Albanese has sought a less-confrontational approach to China after an election win in May 2022, with the aim of stabilizing relations with Australia’s main trading partner while acknowledging areas of disagreement.
Albanese said his meeting Monday with Chinese President Xi Jinping was “one of goodwill.” He said he raised the case of the Australian writer and democracy activist Yang Hengjun, who has been detained by China for almost five years.
Australian government officials are hopeful that the last remaining Chinese restrictions on the country’s export commodities, including seafood and beef, will be scrapped by the end of the year.
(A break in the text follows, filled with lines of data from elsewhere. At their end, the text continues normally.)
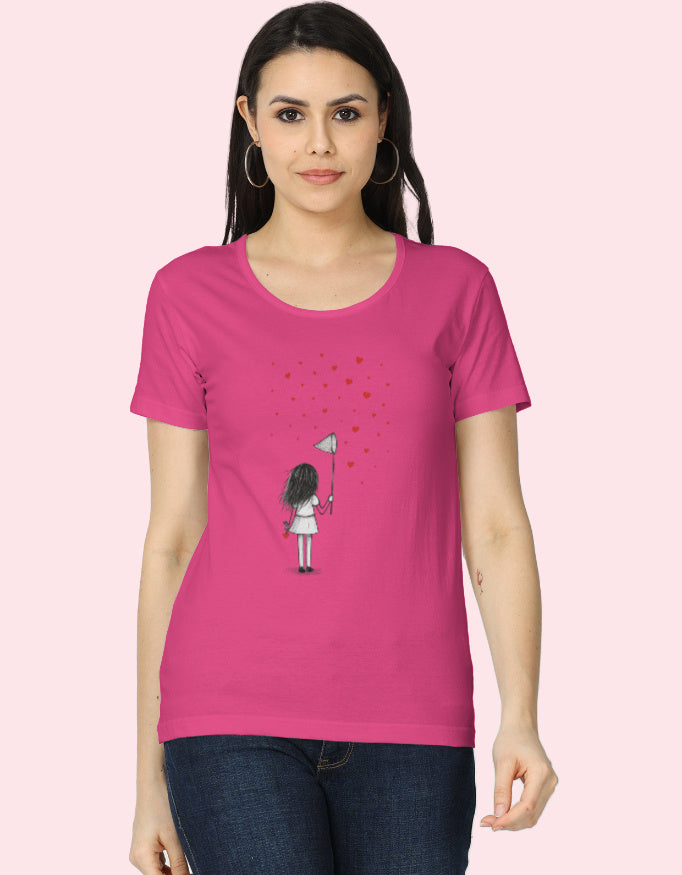 Love Cotton T-Shirt_Pink_Front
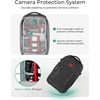 BAGSMART Camera Bag for Photographers Professional Fits up to 15.6″ Laptop(Grey)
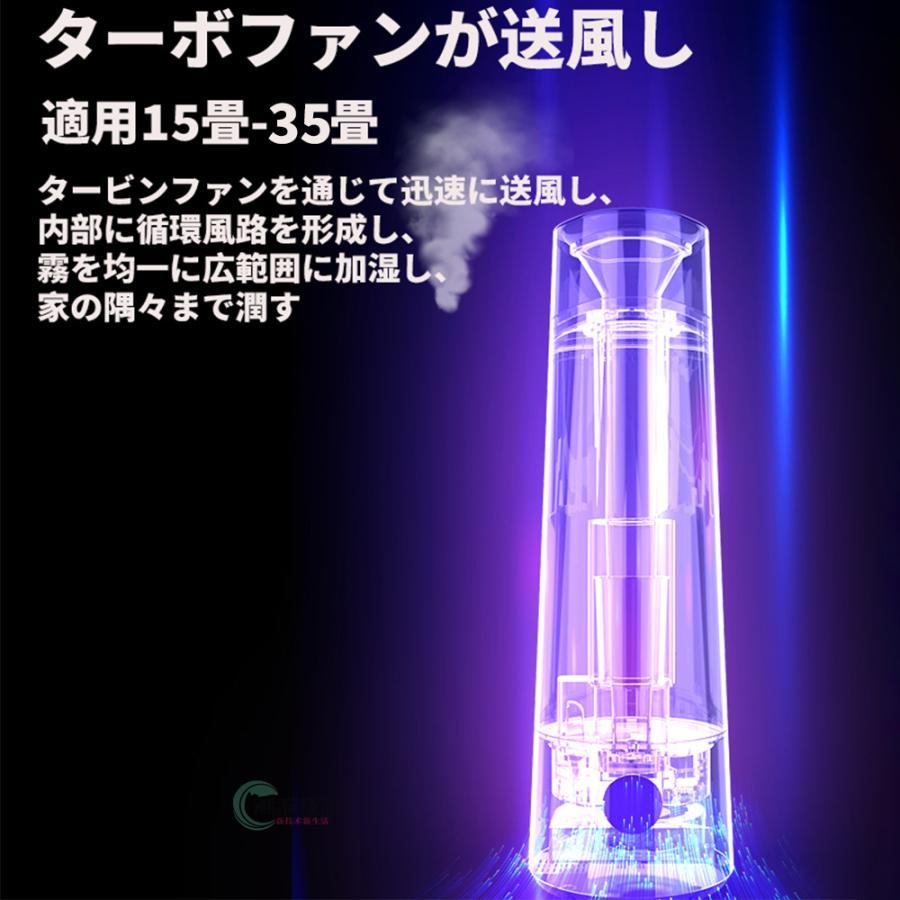 加湿器 超音波式 除菌 長時間 空気加湿機 6L 大容量 おしゃれ アロマ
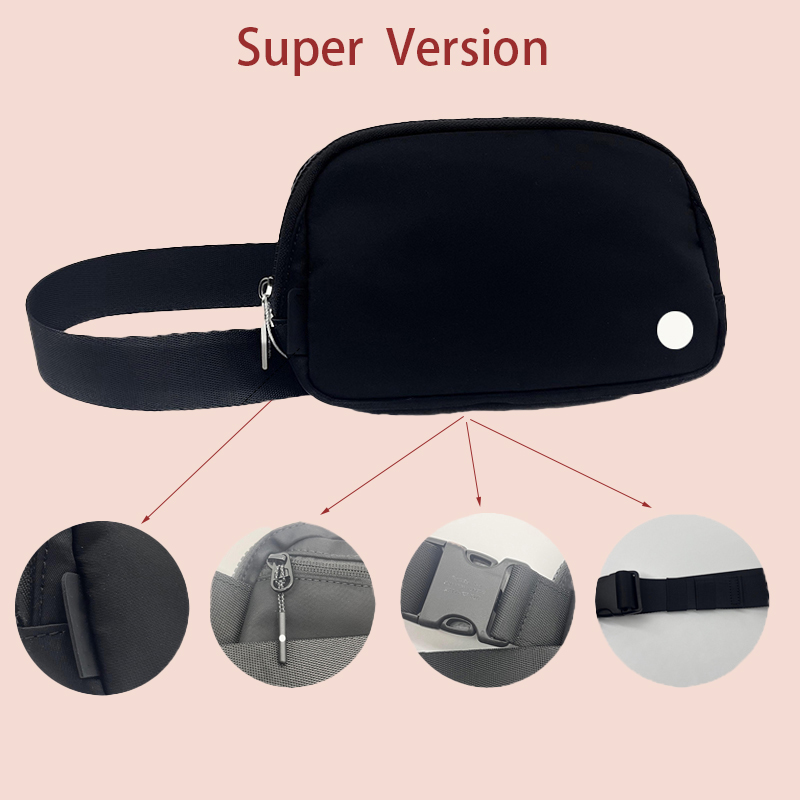 

Lu everywhere belt bag Yoga Bag Outdoor Bags Women Men Waist Bag Gym Elastic Adjustable Strap Zipper Fanny pack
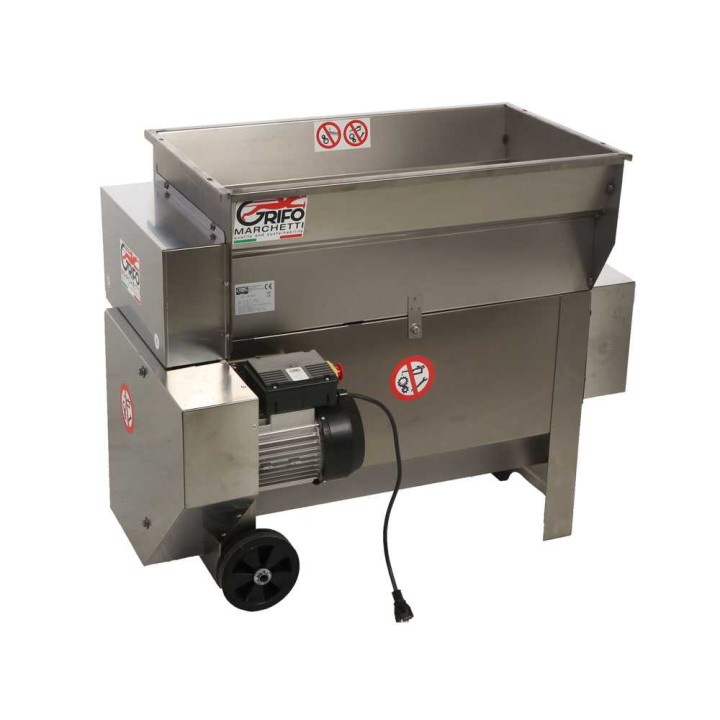 Grifo DVEP20IR sähköinen rypäleiden murskain ja varsienpoistaja, 2 HP, 230 V
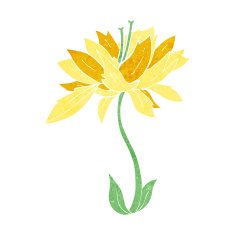 cartoon flower N402
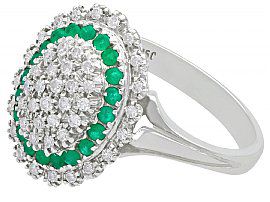 vintage emerald cocktail ring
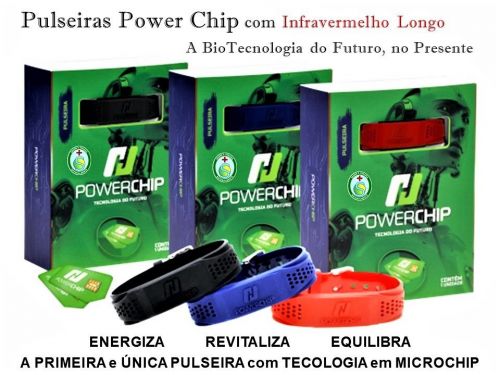 Pulseiras Inteligentes Power Chip Magnetoterapia e Infravermelho Longo – Azul 535928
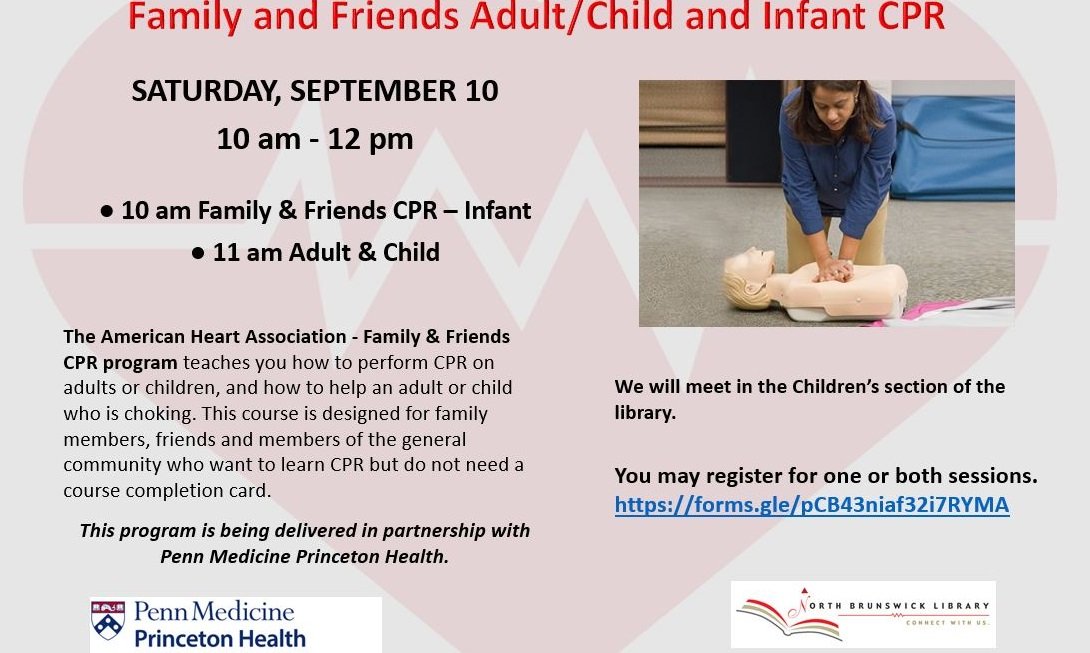 Family and Friends Adult/Child and Infant CPR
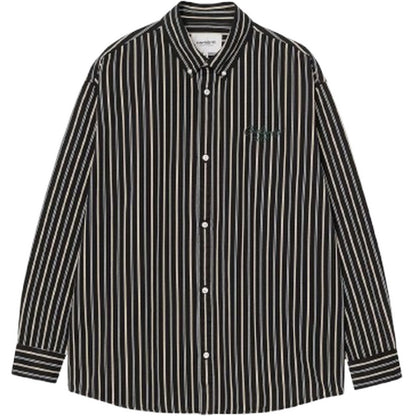 Camicie casual Uomo Carhartt Wip - L/S Palance Shirt - Nero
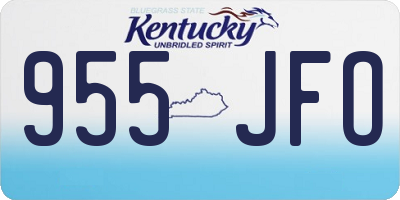 KY license plate 955JFO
China has also said it would undertake a five-month review of duties it imposed on Australian wine.
Albanese told reporters in Beijing that his talks with the Chinese leader were broad.
“I did discuss international issues with President Xi and the importance of stability in the region and open channels of communication," he said. "We also discussed our bilateral relationship. I raised consular and human rights issues during the meeting as well.”
But opposition Liberal Party Senator Simon Birmingham told the Australian Broadcasting Corp. Tuesday that the Canberra government must remain vigilant about China’s ambitions.
“We have seen Australia’s and other international security chiefs provide new warnings about the extent of Chinese cyber espionage," he said. "We have seen the Chinese navy undertake aggressive action against the Philippines in the South China Sea. Whilst this visit might be positive, the Albanese government [must] not get any rose-colored glasses about the challenges that are there as well.”
China accounts for about a third of Australia’s global trade. Analysts say that China is highly dependent on Australian raw materials, including iron ore and liquefied natural gas, to help build its economy.
Albanese has invited Xi to visit Australia in the near future, while the Chinese president also asked the Australian prime minister to return to China and visit other parts of his country.